Start of Block

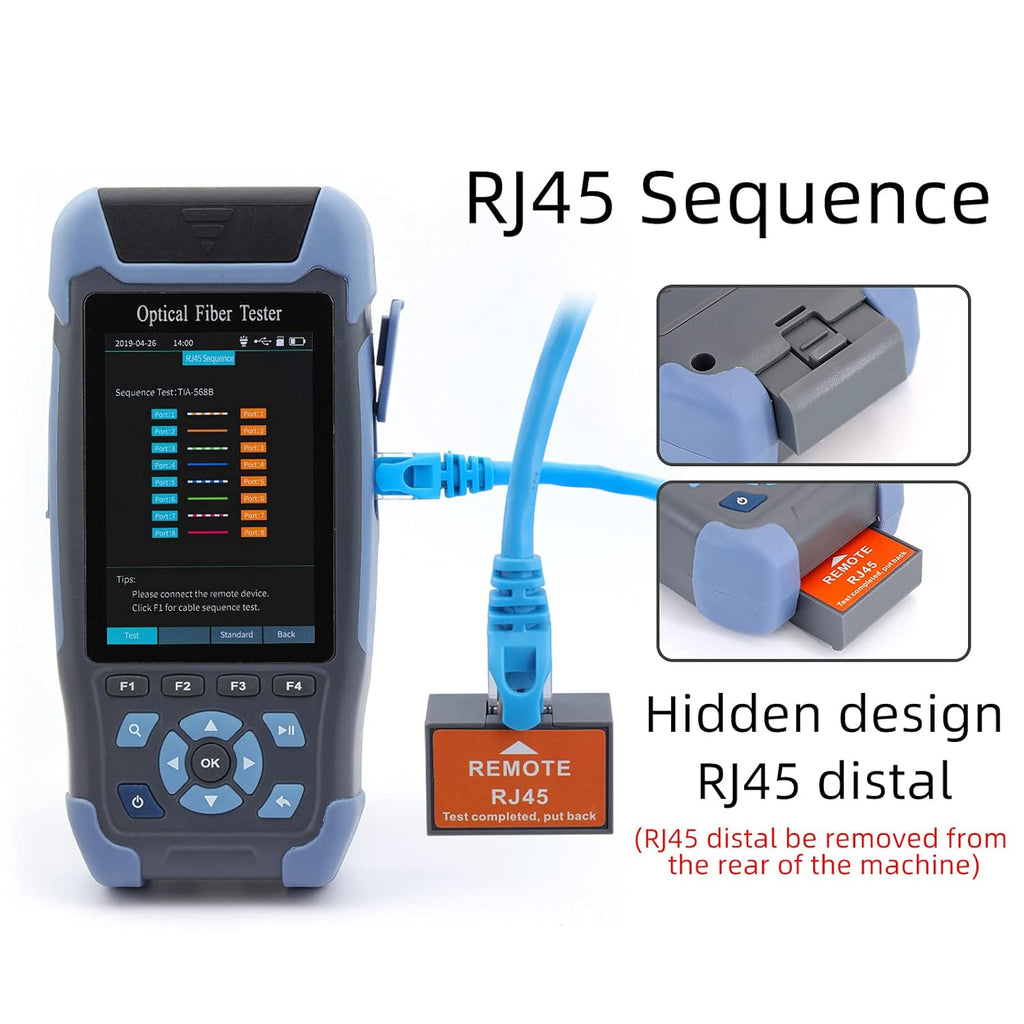 OTDR Fiber Optic Tester 1310/1550nm SM 5m-60Km Pack of 2 D467184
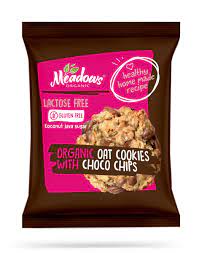 Meadows Organic GF Oat Cookies with Choco Chips - 40g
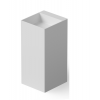 Раковина, DEA Design, Pedestal Basin, шгв 480*480*900, отверстия для смесителя-отсутствуют, цвет-белый матовый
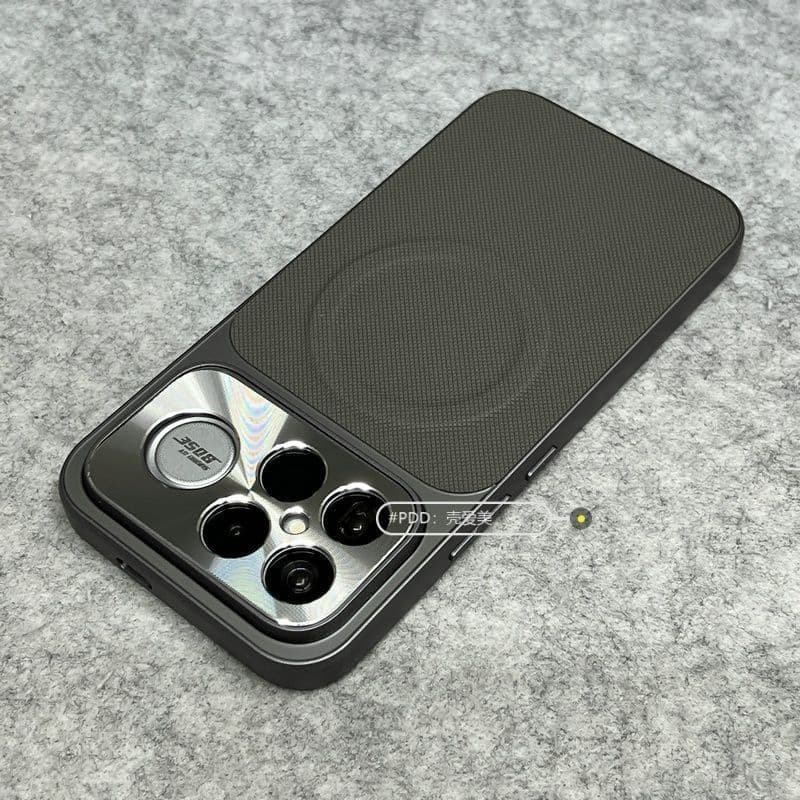 Adequado para capa de telefone Redmi K90 Pro Max, moldura de espelho metálico K90 Max, padrão de couro com diamantes K90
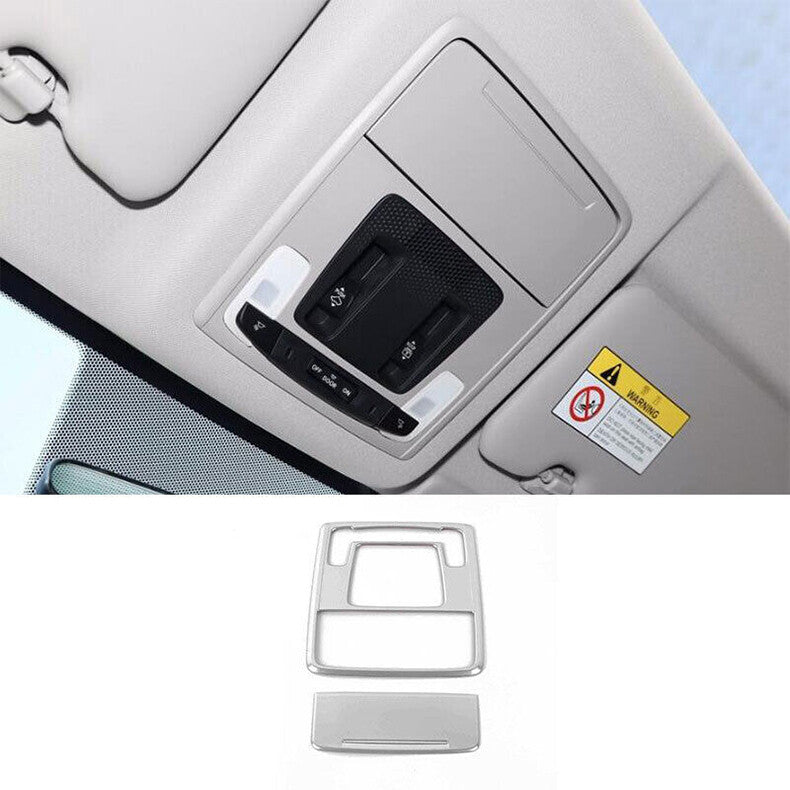 for Honda CR-V 2023-2024 Silver Inner Front Reading Light Lamp Frame cover Trim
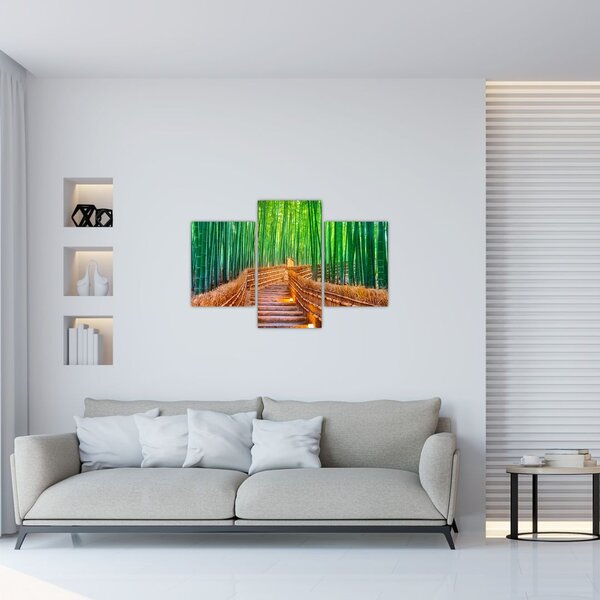 Slika - Šuma japanskog bambusa (90x60 cm)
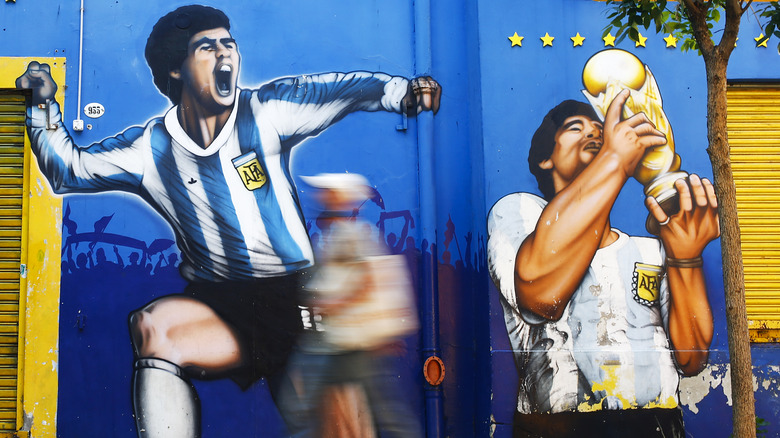 Diego Maradona Mural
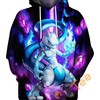 Light Blue Mewtwo All Over Print 3D Hoodie for Men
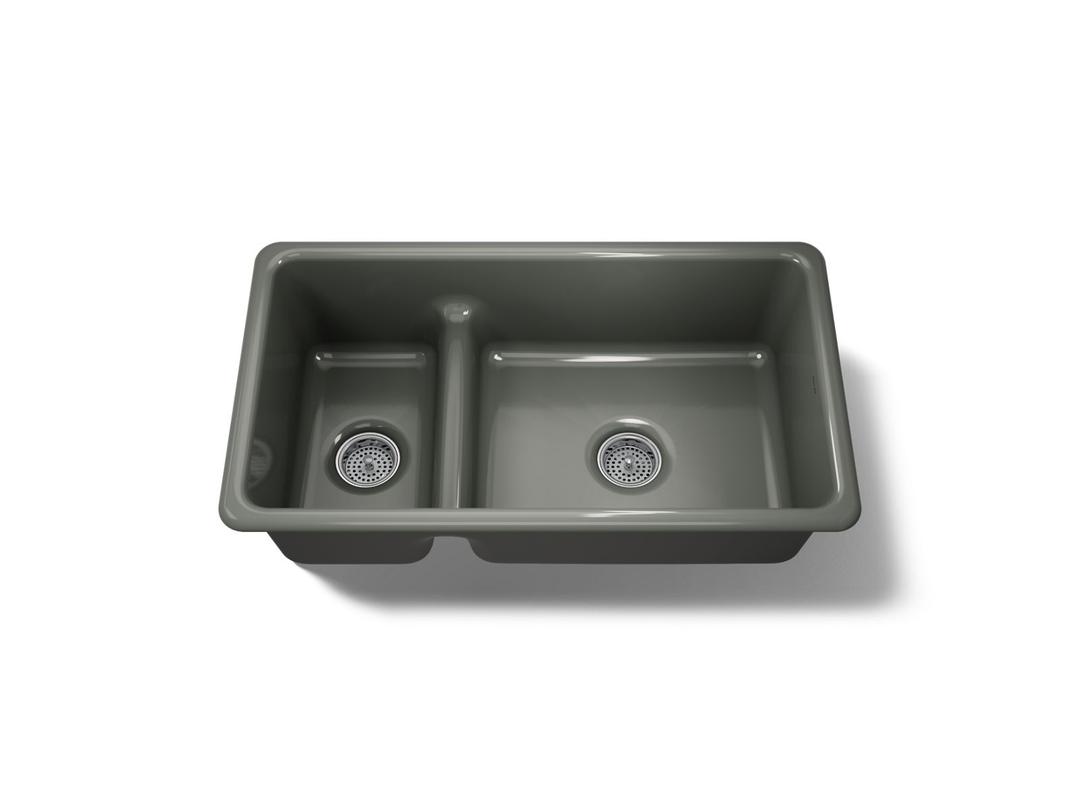 Kohler | Iron/Tones | Drop In Kitchen Sink - Thunder Grey by Kohler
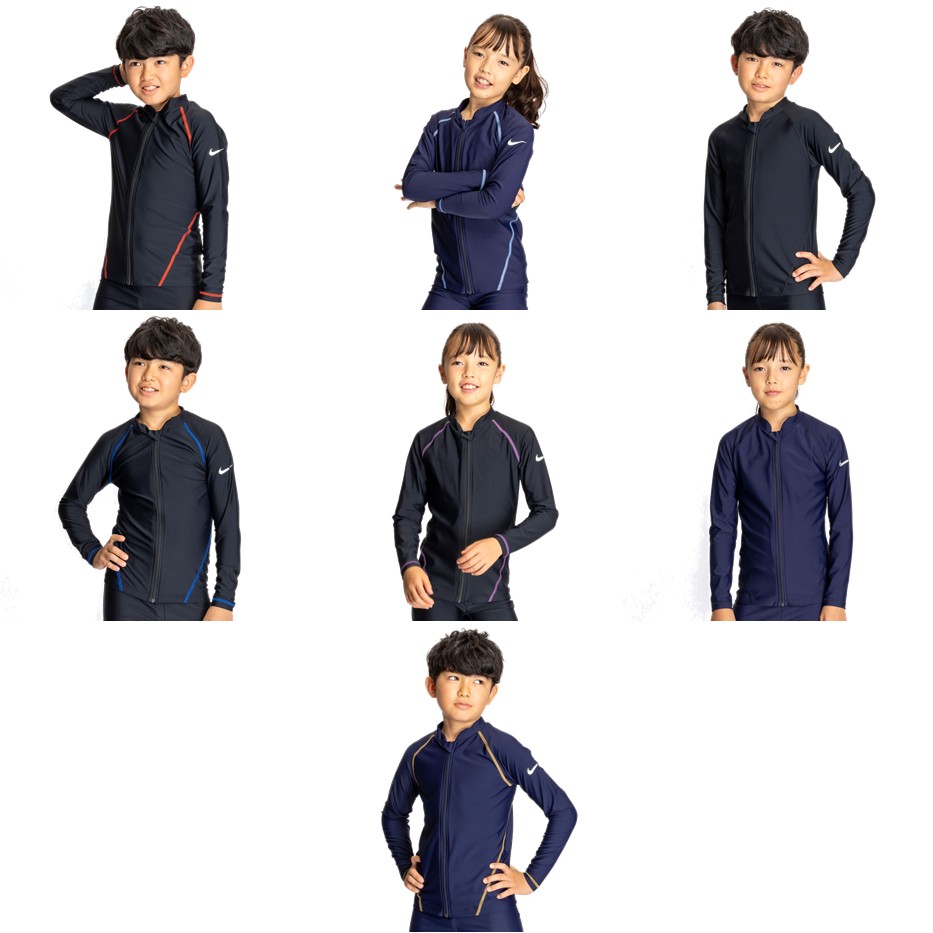 ナイキ NIKE 水泳水着 ジュニア   ＳＳ２５　ユニセックス　長袖ラッシュガード 1991109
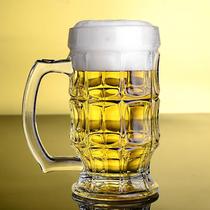 Beer mug shake sound beer cup Creative Glass tremble beer cup transparent thick heat-resistant Tea House tea cup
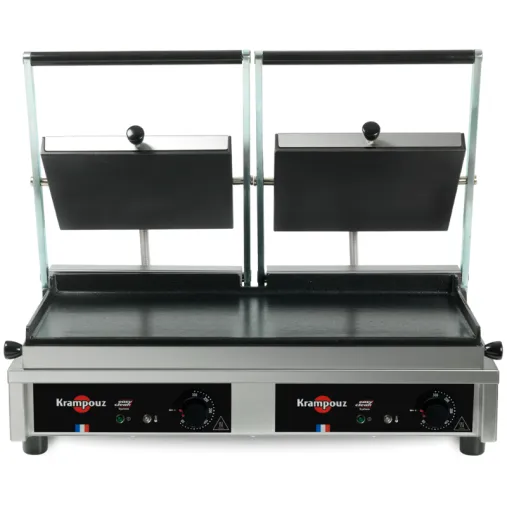 Krampouz Contact grill Panini large plaques lisses Ouvert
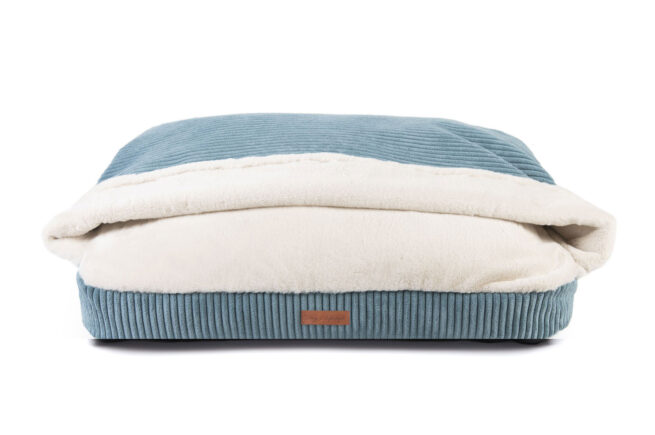 Snuggle Cave Hondenkussen Ribbed Petrol - Afbeelding 2
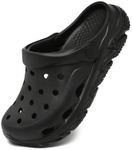 Nedaan Kids Clogs for Boys Girls Comfortable Slip on Sandals Beach Pool Slipper Black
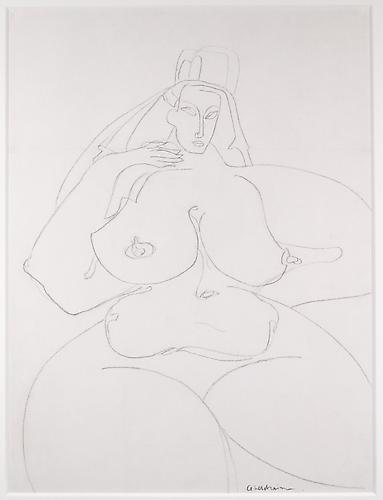 SEATED NUDE WITH HEADDRESS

End of Block

■ Task directions
No pictures belong in the copy. Repeat the listing above exactly.

■ Exercise output
 OTDR Fiber Optic Tester 1310/1550nm SM 5m-60Km Pack of 2 D467184
 Meadows Organic GF Oat Cookies with Choco Chips - 40g
 Раковина, DEA Design, Pedestal Basin, шгв 480*480*900, отверстия для смесителя-отсутствуют, цвет-белый матовый
 Adequado para capa de telefone Redmi K90 Pro Max, moldura de espelho metálico K90 Max, padrão de couro com diamantes K90
 for Honda CR-V 2023-2024 Silver Inner Front Reading Light Lamp Frame cover Trim
 Slika - Šuma japanskog bambusa (90x60 cm)
 Diego Maradona Mural
 Light Blue Mewtwo All Over Print 3D Hoodie for Men
 Kohler | Iron/Tones | Drop In Kitchen Sink - Thunder Grey by Kohler
 ナイキ NIKE 水泳水着 ジュニア   ＳＳ２５　ユニセックス　長袖ラッシュガード 1991109
 Beer mug shake sound beer cup Creative Glass tremble beer cup transparent thick heat-resistant Tea House tea cup
 Krampouz Contact grill Panini large plaques lisses Ouvert
 Snuggle Cave Hondenkussen Ribbed Petrol - Afbeelding 2
 Nedaan Kids Clogs for Boys Girls Comfortable Slip on Sandals Beach Pool Slipper Black
 SEATED NUDE WITH HEADDRESS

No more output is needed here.